Il y a aussi des travaux en cours sur un soi-disant vaccin contre le méthane, qui est dirigé par la coentreprise AgriZeroNZ, également à l’origine d’autres R&D technologiques à long terme. « AgriZeroNZ est un partenariat à long terme avec des partenaires de l’industrie et au cours des trois prochaines années, nous nous sommes engagés à investir 50 millions de dollars », nous a déclaré le porte-parole. « Depuis sa création il y a moins d’un an, elle a investi quatre fois dans des vaccins, des inhibiteurs et des probiotiques.
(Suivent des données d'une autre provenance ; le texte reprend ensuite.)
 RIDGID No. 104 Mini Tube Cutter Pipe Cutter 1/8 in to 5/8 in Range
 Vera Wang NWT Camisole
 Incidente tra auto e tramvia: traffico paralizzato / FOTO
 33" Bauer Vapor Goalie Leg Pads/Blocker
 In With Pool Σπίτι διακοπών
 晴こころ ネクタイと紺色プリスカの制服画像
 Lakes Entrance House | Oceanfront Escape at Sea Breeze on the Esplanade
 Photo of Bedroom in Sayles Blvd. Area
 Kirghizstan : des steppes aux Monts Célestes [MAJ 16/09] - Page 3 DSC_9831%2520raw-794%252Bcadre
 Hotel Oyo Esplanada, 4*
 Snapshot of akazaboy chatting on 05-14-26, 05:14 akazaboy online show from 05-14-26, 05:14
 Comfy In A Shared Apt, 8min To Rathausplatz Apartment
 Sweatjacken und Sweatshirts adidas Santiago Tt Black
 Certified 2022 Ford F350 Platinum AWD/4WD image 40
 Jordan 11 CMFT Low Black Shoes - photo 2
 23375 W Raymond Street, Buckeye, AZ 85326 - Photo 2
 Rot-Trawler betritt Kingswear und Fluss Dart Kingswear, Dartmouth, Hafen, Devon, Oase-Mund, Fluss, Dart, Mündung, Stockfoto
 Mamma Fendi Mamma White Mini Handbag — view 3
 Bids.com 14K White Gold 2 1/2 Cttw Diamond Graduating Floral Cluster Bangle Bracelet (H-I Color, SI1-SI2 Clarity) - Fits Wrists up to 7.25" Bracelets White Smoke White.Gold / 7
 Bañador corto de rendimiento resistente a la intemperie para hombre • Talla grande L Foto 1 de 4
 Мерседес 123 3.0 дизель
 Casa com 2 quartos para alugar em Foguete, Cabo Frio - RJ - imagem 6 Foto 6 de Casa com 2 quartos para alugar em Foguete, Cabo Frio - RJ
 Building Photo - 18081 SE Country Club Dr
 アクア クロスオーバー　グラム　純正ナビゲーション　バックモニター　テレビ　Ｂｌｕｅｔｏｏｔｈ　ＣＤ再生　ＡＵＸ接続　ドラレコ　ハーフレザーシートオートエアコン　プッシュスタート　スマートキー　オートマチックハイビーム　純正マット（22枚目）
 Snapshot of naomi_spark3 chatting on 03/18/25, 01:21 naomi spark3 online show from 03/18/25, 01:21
Il y a 59 autres projets sur le radar.

En plus de trouver des solutions, des travaux sont en cours dans le domaine de la réglementation pour permettre aux agriculteurs d’avoir accès à de nouvelles solutions et à l’expansion des installations d’analyse des émissions de GES de Fonterra en Nouvelle-Zélande.

En conclusion, le porte-parole de Fonterra a déclaré : « À l’heure actuelle, Fonterra est l’un des fournisseurs de produits laitiers à faible émission de carbone au monde, mais il y a beaucoup d’activités sur d’autres marchés pour réduire les émissions afin d’atteindre leurs objectifs.

« Notre feuille de route climatique décrit les mesures que nous prendrons pour atteindre nos objectifs de 2030 et notre ambition d’atteindre la carboneutralité en 2050. En cours de route, nous aborderons des étapes importantes, notamment l’élimination progressive du charbon d’ici 2037 et l’adoption d’un plan environnemental agricole par 100 % des agriculteurs d’ici 2025.

« Nous sommes également convaincus qu’à partir du point de départ de la Nouvelle-Zélande en matière de faibles émissions, nos améliorations continues feront de nous le meilleur choix pour nos clients afin d’accélérer leur parcours vers un avenir net zéro. »

LAISSER UNE RÉPONSE

Vous avez entré une adresse e-mail incorrecte!